Metadata-Version: 2.4
Name: backoff-simulator
Version: 0.2.1
Summary: Simulates backoff strategies for contending writes over the network.
Author: Cosmo Grant
Author-email: Cosmo Grant <cosmodgrant@gmail.com>
License-Expression: MIT
License-File: LICENSE
Classifier: Programming Language :: Python :: 3
Classifier: Operating System :: OS Independent
Requires-Dist: matplotlib>=3.10.8
Requires-Dist: tabulate>=0.10.0
Requires-Python: >=3.14
Project-URL: Homepage, https://github.com/cosmo-grant/backoff-simulator
Description-Content-Type: text/markdown

# Backoff Simulator

## Context

Many clients concurrently send requests over the network to a server.
The server accepts or rejects requests, according to its concurrency control.
Each client backs off and retries until its request is accepted.

You want to keep low:
- the time until all requests are accepted (_duration_)
- the total number of requests (_work_)

You can keep the duration low by making clients retry rapidly.
But then the server often rejects requests, so the work is high.

You can keep the work low by making clients retry sporadically.
But then the server is often idle, so the duration is high.

Tradeoff!

The _cost_ is an overall performance measure, got via an exchange rate: `work_to_duration * work + duration`.

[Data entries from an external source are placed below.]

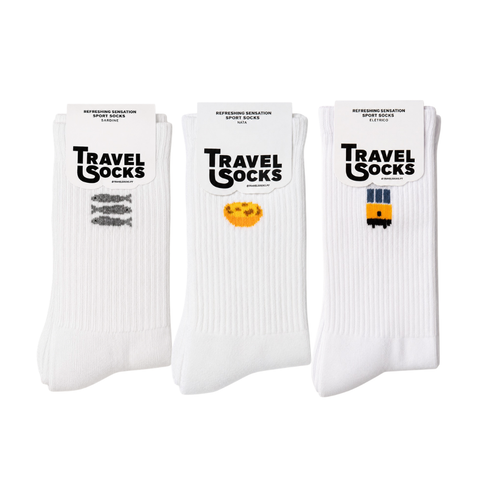 Refreshing Socks - Pack
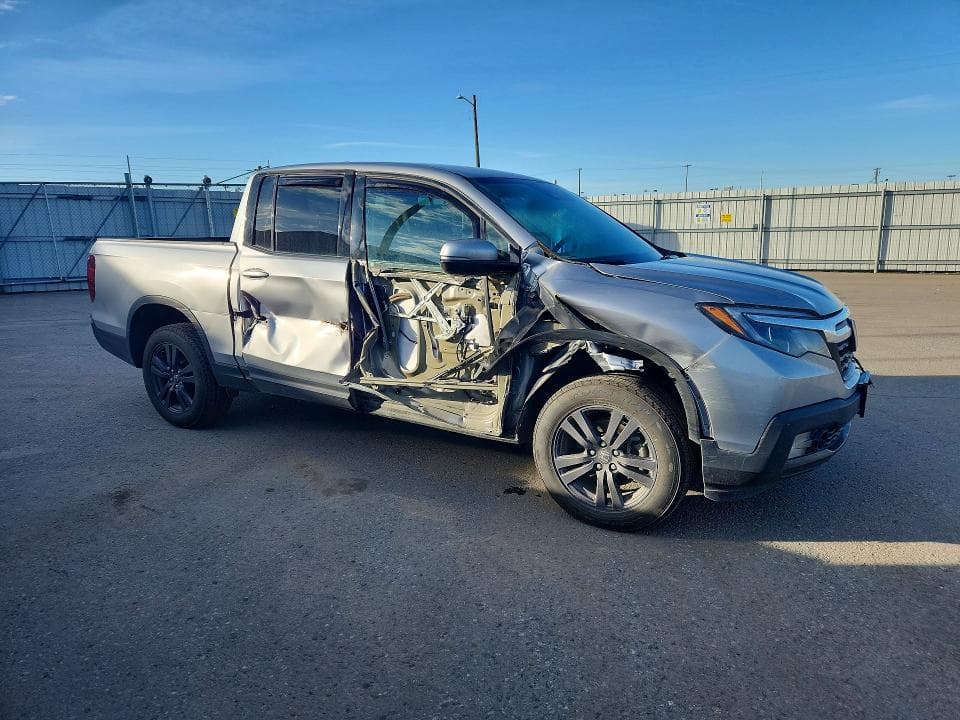 2020 HONDA RIDGELINE SPORT 4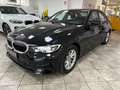 BMW 316 Serie 3 Berlina 316d mhev 48V Business Zwart - thumbnail 1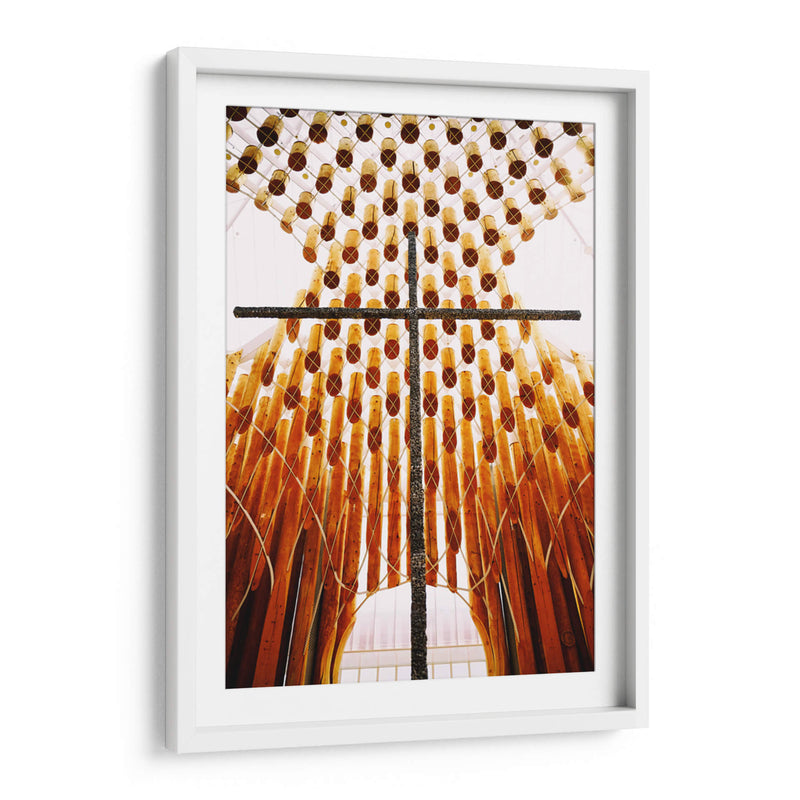 Arquitectura religiosa | Cuadro decorativo de Canvas Lab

Which backoff strategy minimizes the cost?

There's a well-known aws [blog post](https://aws.amazon.com/blogs/architecture/exponential-backoff-and-jitter) and [simulation](https://github.com/aws-samples/aws-arch-backoff-simulator) about this, focusing on optimistic concurrency control.
This app is based on those.
But I re-implemented the simulation and added more controls.

The blog post concludes:

> The return on implementation complexity of using jittered backoff is huge, and it should be considered a standard approach for remote clients.

The post has been influential.
For example, the widely-used Python package [backoff](https://github.com/litl/backoff) defaults to full jitter, citing the post.
But is it really the best strategy for _your_ use case?

Let's explore.

## How to use

Write a `simulations.toml` describing the simulations you want to run, e.g.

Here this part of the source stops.